> **Given information**:
+===+

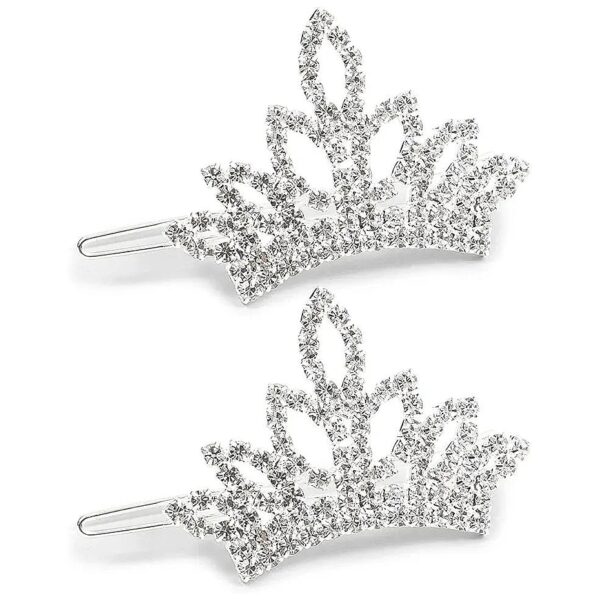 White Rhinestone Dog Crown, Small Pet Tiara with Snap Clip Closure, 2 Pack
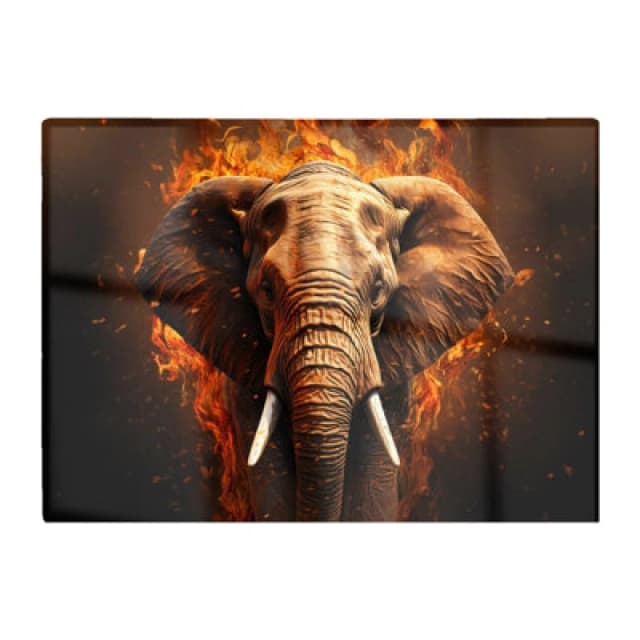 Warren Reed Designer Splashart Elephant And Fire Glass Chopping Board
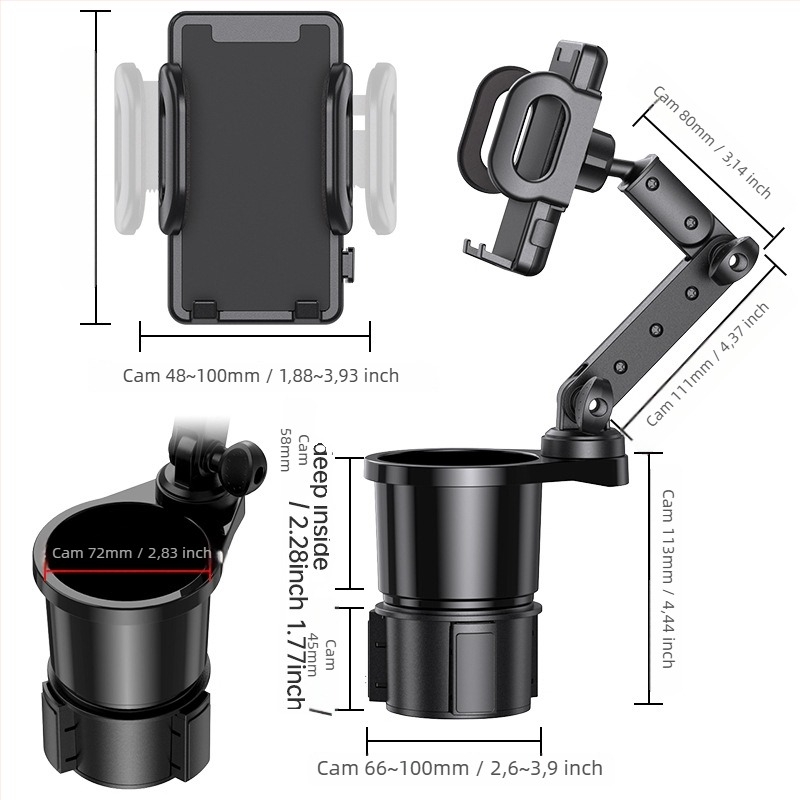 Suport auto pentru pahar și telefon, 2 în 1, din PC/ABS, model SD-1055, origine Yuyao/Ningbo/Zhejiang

+===+

> **What to produce**:
Please write out the whole listing exactly, but not the pictures in it.

> **Finished task**:
 White Rhinestone Dog Crown, Small Pet Tiara with Snap Clip Closure, 2 Pack
 Warren Reed Designer Splashart Elephant And Fire Glass Chopping Board
 Suport auto pentru pahar și telefon, 2 în 1, din PC/ABS, model SD-1055, origine Yuyao/Ningbo/Zhejiang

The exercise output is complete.